Searching for planet-driven dust spirals in ALMA visibilities
arxiv(2024)
摘要
ALMA (Atacama Large Millimetre/submillimetre Array) observations of the
thermal emission from protoplanetary disc dust have revealed a wealth of
substructures that could evidence embedded planets, but planet-driven spirals,
one of the more compelling lines of evidence, remain relatively rare. Existing
works have focused on detecting these spirals using methods that operate in
image space. Here, we explore the planet detection capabilities of fitting
planet-driven spirals to disc observations directly in visibility space. We
test our method on synthetic ALMA observations of planet-containing model discs
for a range of disc/observational parameters, finding it significantly
outperforms image residuals in identifying spirals in these observations and is
able to identify spirals in regions of the parameter space in which no gaps are
detected. These tests suggest that a visibility-space fitting approach warrants
further investigation and may be able to find planet-driven spirals in
observations that have not yet been found with existing approaches.

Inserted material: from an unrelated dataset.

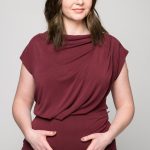 Swollen belly: live my life as a woman who looks pregnant but isn't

We also
test our method on six discs in the Taurus molecular cloud observed with ALMA
at 1.33 mm, but find no evidence for planet-driven spirals. We find that the
minimum planet masses necessary to drive detectable spirals range from
≈ 0.03 to 0.5 M_Jup over orbital radii of 10 to 100 au, with
planet masses below these thresholds potentially hiding in such disc
observations. Conversely, we suggest that planets ≳ 0.5 to 1
M_Jup can likely be ruled out over orbital radii of ≈ 20 to
60 au on the grounds that we would have detected them if they were present.